Slab is one of the most important elements In a structure. Learn about different types of slabs in this article.
What Is Slab?
Slabs are flat, horizontal structural elements made of reinforced concrete that receive the load and transfer it through the beams to the columns and to the footings to the soil below. Slabs are used in both load-bearing structures and framed structures.
In a load bearing structure, the load is transferred from the slab to the load-bearing walls. The thickness of the slab varies from 100 mm to 500 mm. There are 20 different types of slabs in practice which are discussed in this article.
The methods for slab construction vary from each other. Based on the support condition, a slab can be a simply supported slab, cantilever slab or a continuous slab.
A slab can be a floor slab or a roof slab. The live load acting on the floor slabs is greater than the roof slabs. Thus, the floor slabs are heavily reinforced when compared to the roof slabs.
Types Of Slabs
1. Conventional Slab
The slab which is supported by beams and columns, is called conventional slab. In conventional slab the thickness of the slab is small but depth of the beam is large. The load is transmitted from slab to beam and then from beam to column.
These types of slabs are provided with reinforcement where the horizontal bar is called main reinforcement and vertical bar is called distribution bar. Conventional slabs are two types.
- One way slab
- Two way slab.
a. One Way Slab
One way slab is a conventional horizontal slab rectangular in shape and supported by beams on two of its four sides. The slabs are supported on beams opposite to each other. Therefore, the deflected shape is cylindrical.
In one way slabs the longer span is more than twice of the shorter span. The ratio of longer span to the shorter span is greater than two. As a result, the shorter span is subjected to bending.
The main reinforcements are provided in the shorter directions to resist the bending and the secondary reinforcements are provided in the longer direction.
Application: Veranda slab.
b.

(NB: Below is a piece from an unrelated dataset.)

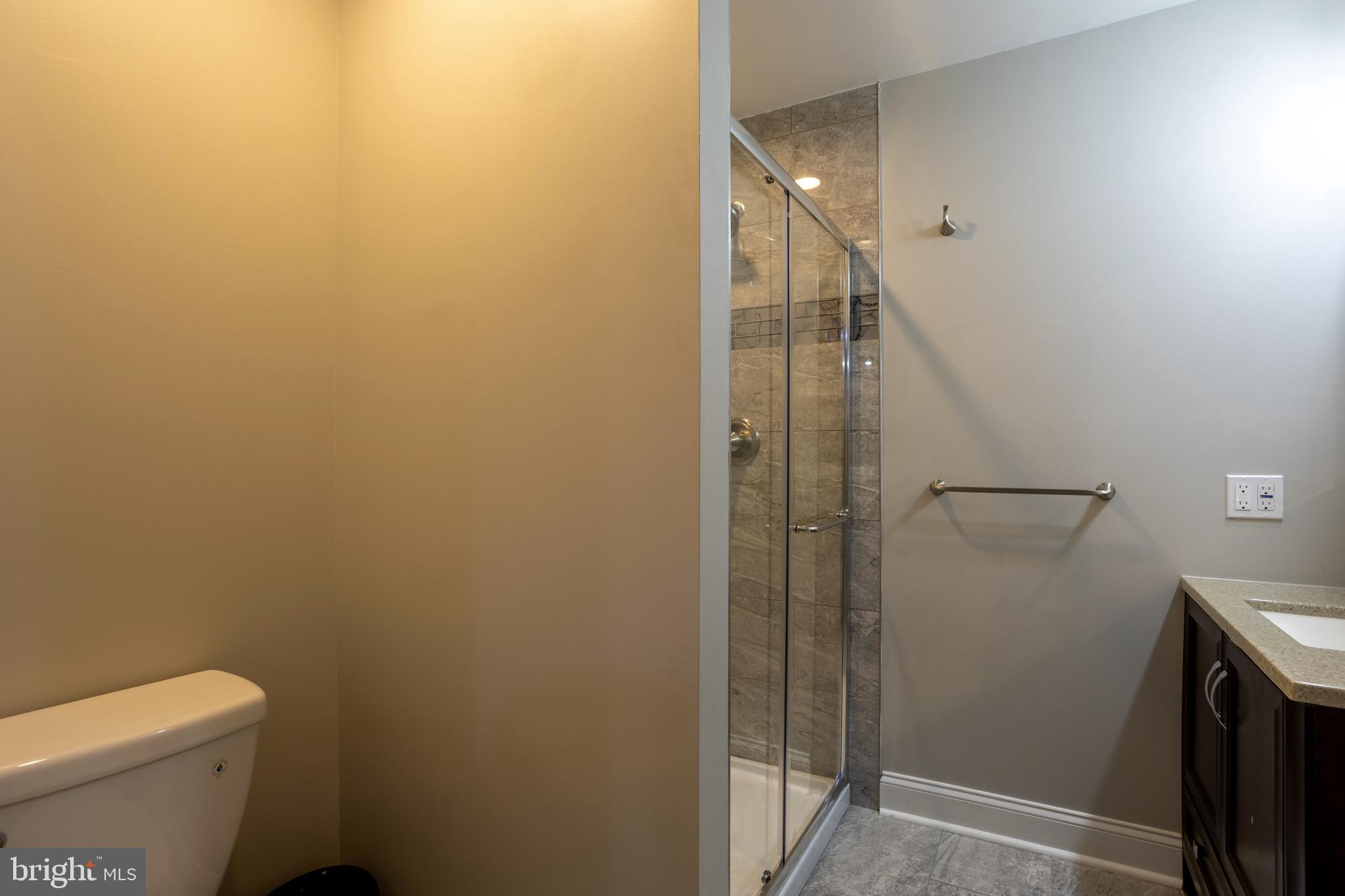 7908 Ivy Lane Baltimore, MD 21208 - Photo 60 of 90 a bathroom with a granite countertop shower and a toilet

Two Way Slab
Two-way slabs are also conventional slabs mostly rectangular in shape and supported on all four sides of a beam. In two-way slabs, the longer span is less than twice the shorter span. The ratio of longer span to shorter span is lesser than two. The deflected shape of the slab is like a dish or saucer shape.
In this case, both the shorter and longer directions are subjected to bending. Therefore, the main reinforcements would be provided in both directions based on the magnitude of bending. The two-way slabs are economical to a size of 6m x 6m. Also, the quantity of steel used in two-way slab is more than the one-way slab.

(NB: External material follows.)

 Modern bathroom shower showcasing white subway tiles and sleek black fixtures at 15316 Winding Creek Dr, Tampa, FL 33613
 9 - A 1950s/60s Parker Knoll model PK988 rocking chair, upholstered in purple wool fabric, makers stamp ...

Most apartments, multi-storeyed buildings.
3. Flat Plate
Unlike conventional slabs, in flat plates, the loads are not transferred from the slabs to the beams. In flat plates, the loads are transferred directly to the columns. The flat plate system may be one-way or two-way depending on the design plan.

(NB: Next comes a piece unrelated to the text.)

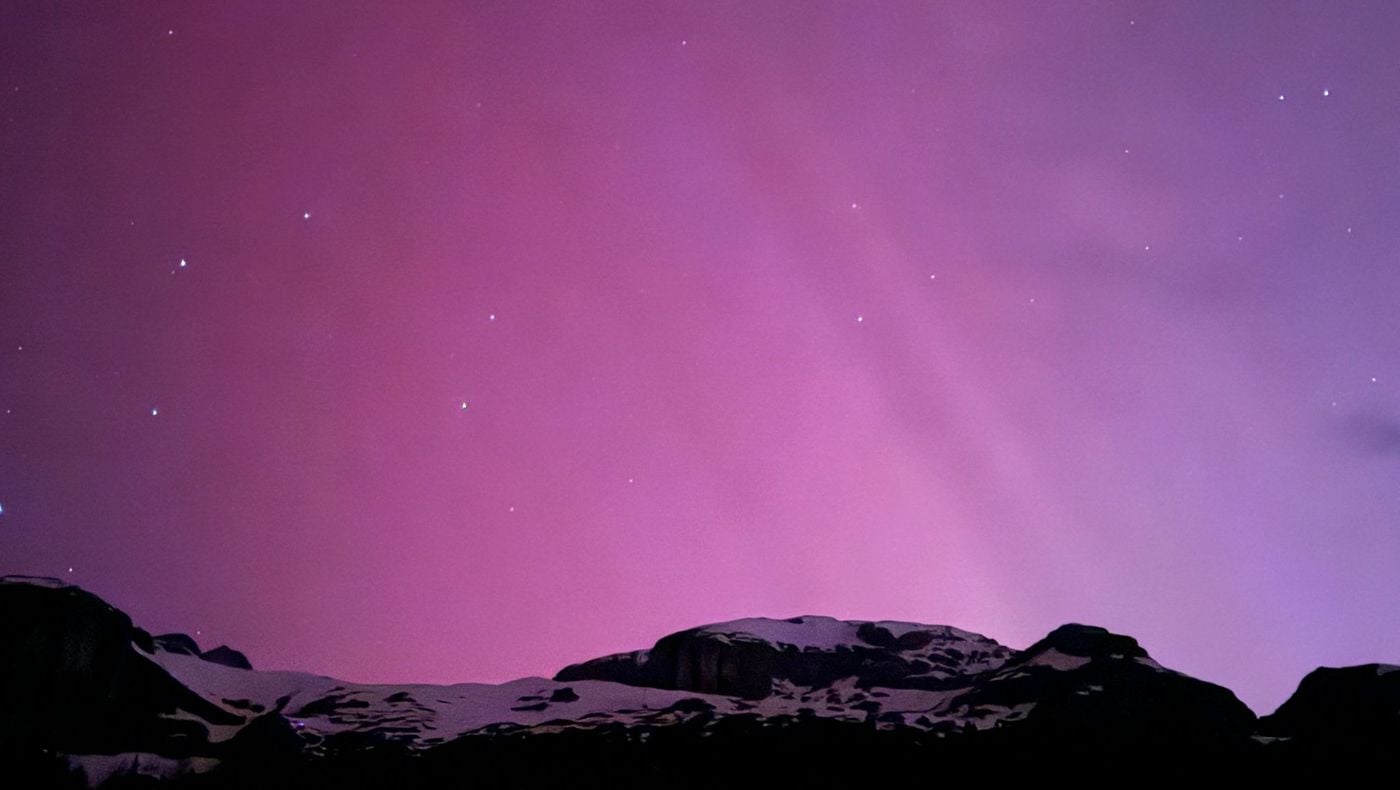 Enchantment of pink light: Northern lights in the Dolomites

Underground parking, multi-storey buildings
4. Flat Slab
Flat slabs are the modified version of flat plates with a column head and/or a drop panel cast monolithically with the slab. There are no beams present in the flat slabs but the drop panels and column heads will transfer the loads smoothly to the columns.
The drop panels are square or rectangular in shape and increase the shear capacity of the slab. The drop panels add deflection to the slab and thus minimize the deflections.
The column heads are provided below the drop panels and they are mostly sloping to meet the column dimensions. A flat slab may have either column head or drop panel or both.
The flat slabs are mostly popular in unconventional structures without column symmetry. The column heads and drop panels act as a special beam confined to that particular space. However, the formworks become complicated due to the need for column heads and drop panels.
These types of slabs are used in underground parking and unsymmetrical buildings.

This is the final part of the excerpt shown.